Pourquoi tu danses quand tu marches ?, Abdourahman A. Waberi (par Jean-François Mézil)
Pourquoi tu danses quand tu marches ?, Abdourahman A. Waberi, JC Lattès, août 2019, 250 pages, 19 €
Il y a des livres qu’on ne peut avaler, d’autres qu’on savoure ; des livres qui nous tombent des mains, et d’autres qui nous ravinent et nous ravissent par l’ampleur de leur écriture ; des livres qui n’ont sur nous aucun effet, tandis que d’autres nous bousculent et nous emportent sous le souffle de leurs phrases ; des livres qu’on lit depuis le trottoir d’en face, et ceux qui nous font traverser et nous forcent à les suivre dans des ruelles obscures et parfois mal famées ; des livres qui glissent sur nous sans qu’on sente la moindre caresse ou qui, au contraire, tailladent notre conscience et font saigner nos propres souvenirs.
Pourquoi tu danses quand tu marches ? n’est d’aucune des deux catégories : il n’a rien d’un fleuve impétueux, mais n’est pas non plus une eau morte.
Qu’en dire ?
La phrase est correcte, appliquée, mais je n’ai trouvé que de rares passages où l’on sent poindre l’écriture. Certains trouveront du charme à ces souvenirs d’enfance que l’auteur raconte à sa fille. Souvenir d’un petit garçon né en CFS (Côte française des Somalis) qui habite le quartier du Château d’eau. Mais l’exotisme ne suffit pas à faire littérature : « Ina Peugeot vendait des beignets, des cornes de cacahuètes et des œufs à la coque devant la cour de notre école ». On imagine Gabriel García Márquez nous parler d’Ina Peugeot… ça aurait une autre saveur !
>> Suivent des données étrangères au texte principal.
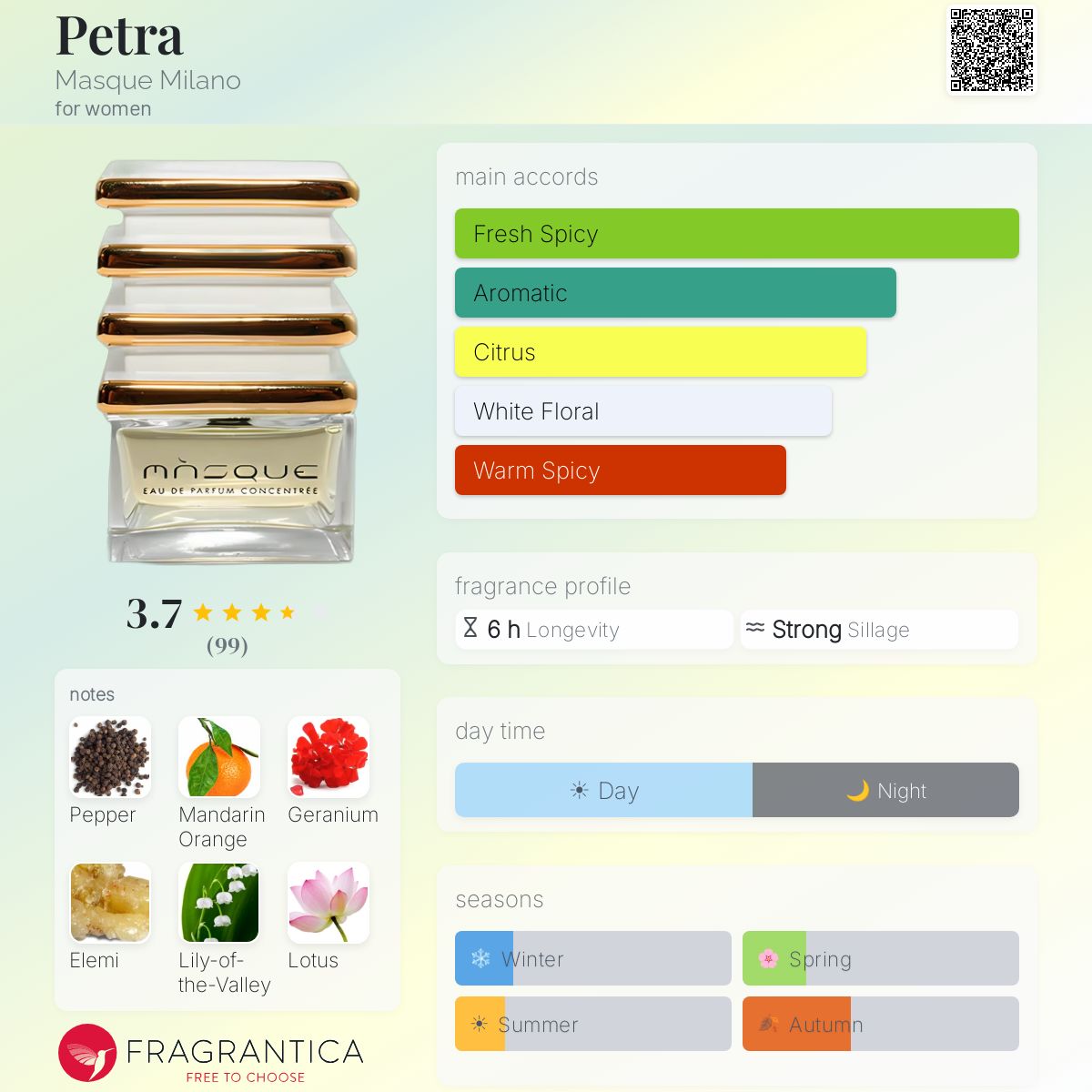 Ficha de perfil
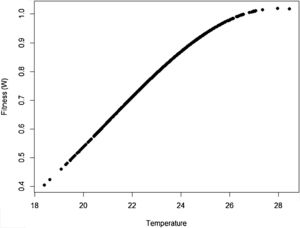 Adaptive landscape, showing the relationship between fitness W and the target variable (here temperature), with optimum=28, w=100, so that at mean z=23 (the initial mean value of the population) the fitness is approximately 0.8. If no evolution occurs and mean fitness stays at W=0.8, the population will decrease as shown in Fig. 1.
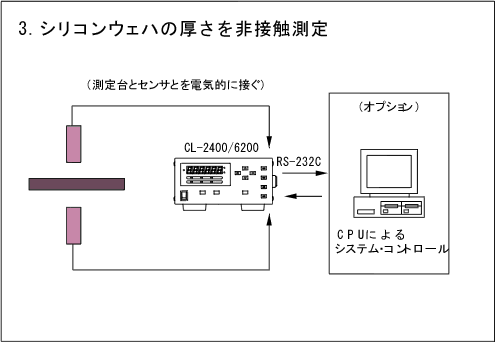 イラスト（用途例：シリコンウェハの厚さを非接触測定）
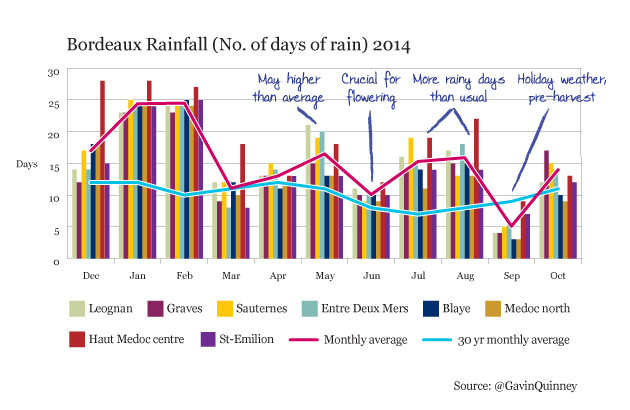 Bordeaux rainfall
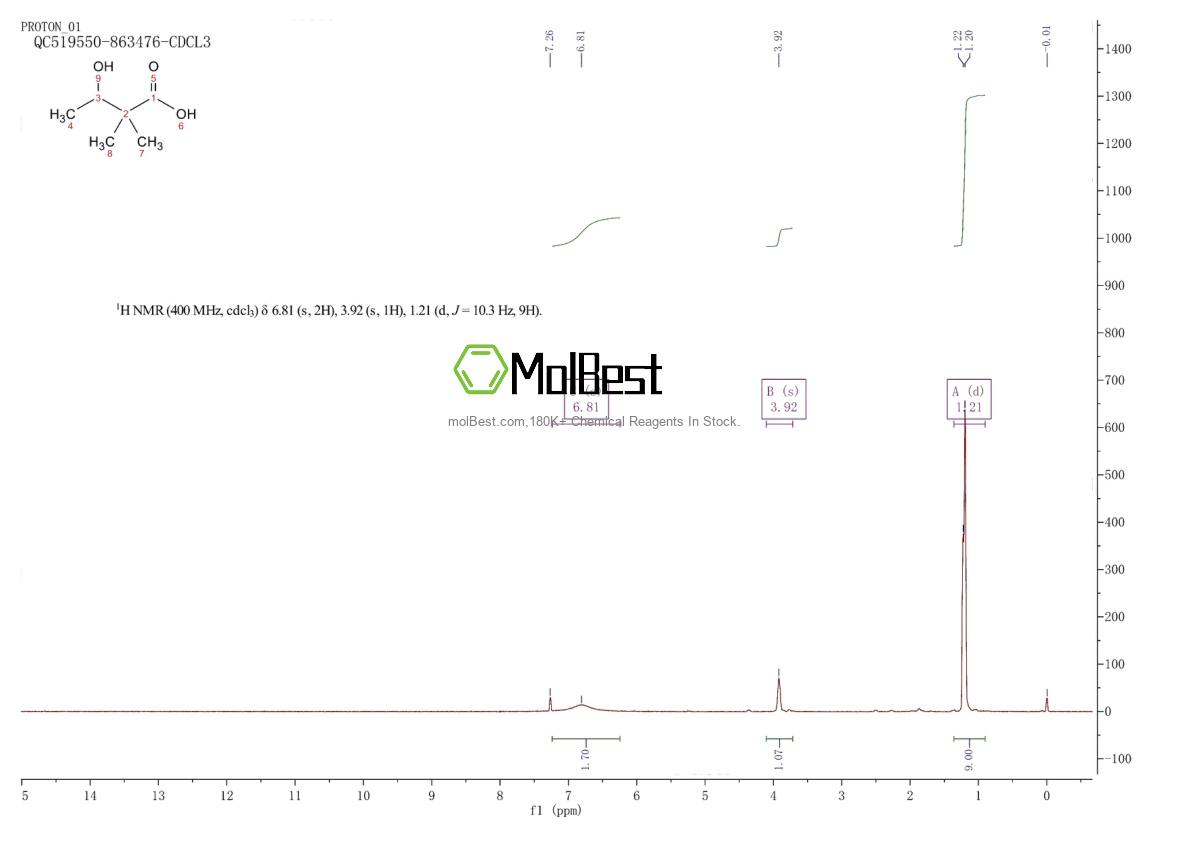 Physical sample testing spectrum (NMR) of 29269-83-8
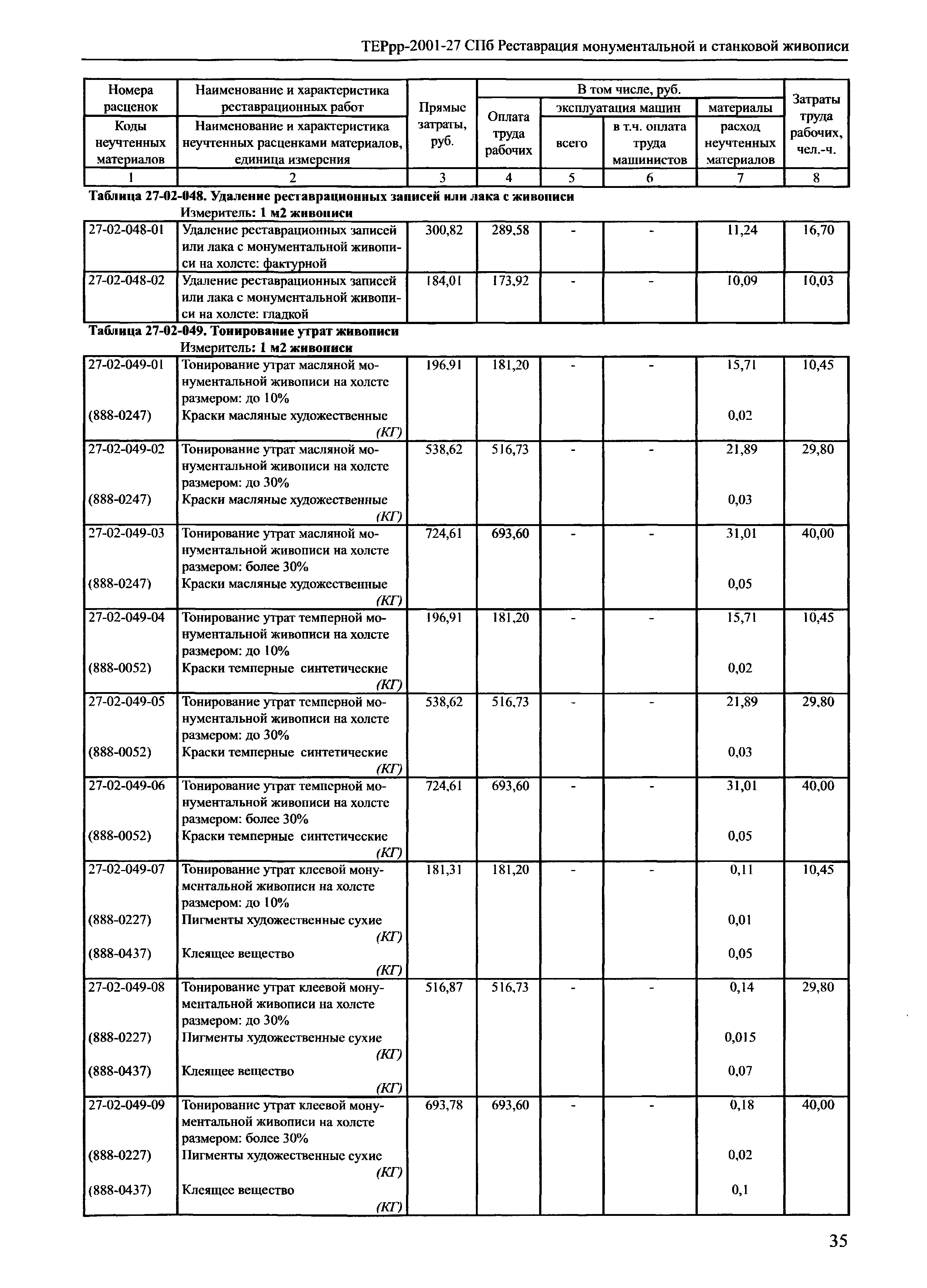 ТЕРрр 2001-27 СПб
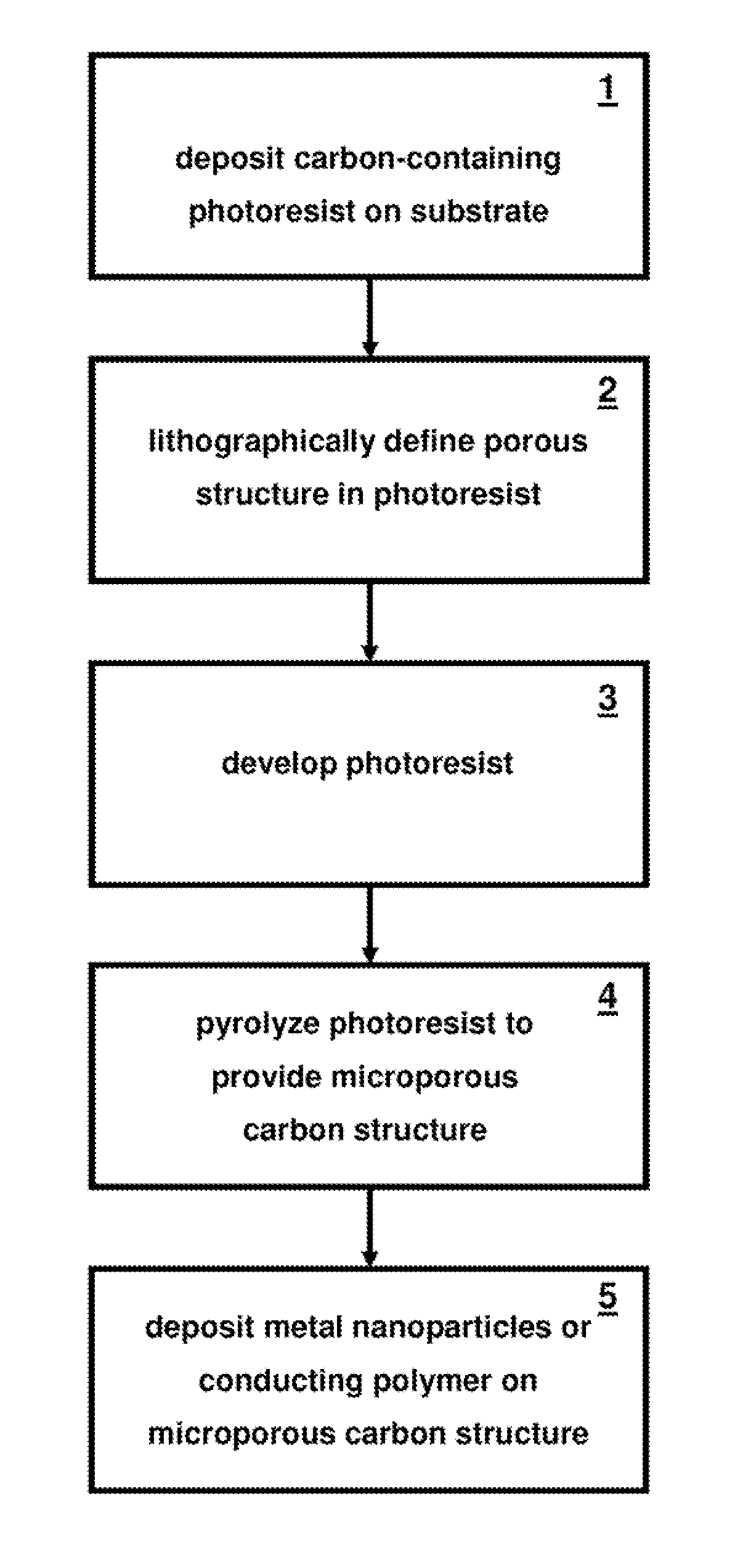 Lithographically defined microporous carbon structures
Tout (ou presque) est premier degré. C’est prémâché, mâché, sans épices : on n’a plus qu’à ouvrir la bouche pour ingurgiter la bouillie, une cuillerée pour Papa, une cuillerée pour Maman – il est vrai que l’auteur s’adresse à une enfant de sept ans.
Un exemple ?
« D’une main tremblante, Maman a nettoyé le pus, étalé sur mon genou une teinture d’iode sensée éloigner les bactéries et leurs miasmes morbides. Il ne lui restait plus qu’à enrouler le pansement autour de mon petit genou ». Pensons à la façon dont Marcel Proust aurait décrit la même scène…
Ce roman est aseptisé.
Quand l’auteur, autre exemple, nous parle de sa peur de « tomber sur des voyous », on ne ressent cette peur à aucun moment, le rythme de la phrase ne s’accélère pas, les émotions du narrateur nous restent abstraites. Il se contente de nous dire : « Les brimades redoublaient. Je devais repartir en dansant sur une jambe ».
Il arrive toutefois qu’émerge une petite musique : « Un parfum d’acacia flotterait sur les toits de fortune, une odeur de terre retournée monterait dans le ciel, portée par une brise venue de la mer, et finalement des effluves d’iode et d’algues nous chatouilleraient le nez ».
La phrase adopte parfois un tempo plus alerte, comme dans le passage sur la circoncision : « Ils parlaient de mon “voile”, ma “coque”, ma “pelure”, ma saleté ».
Mais à peine sort-on la tête de l’eau, que pof ! on est replongé dans le marigot.
On notera cependant un soubresaut dans les dernières pages.
Il était temps, diront les mauvaises langues.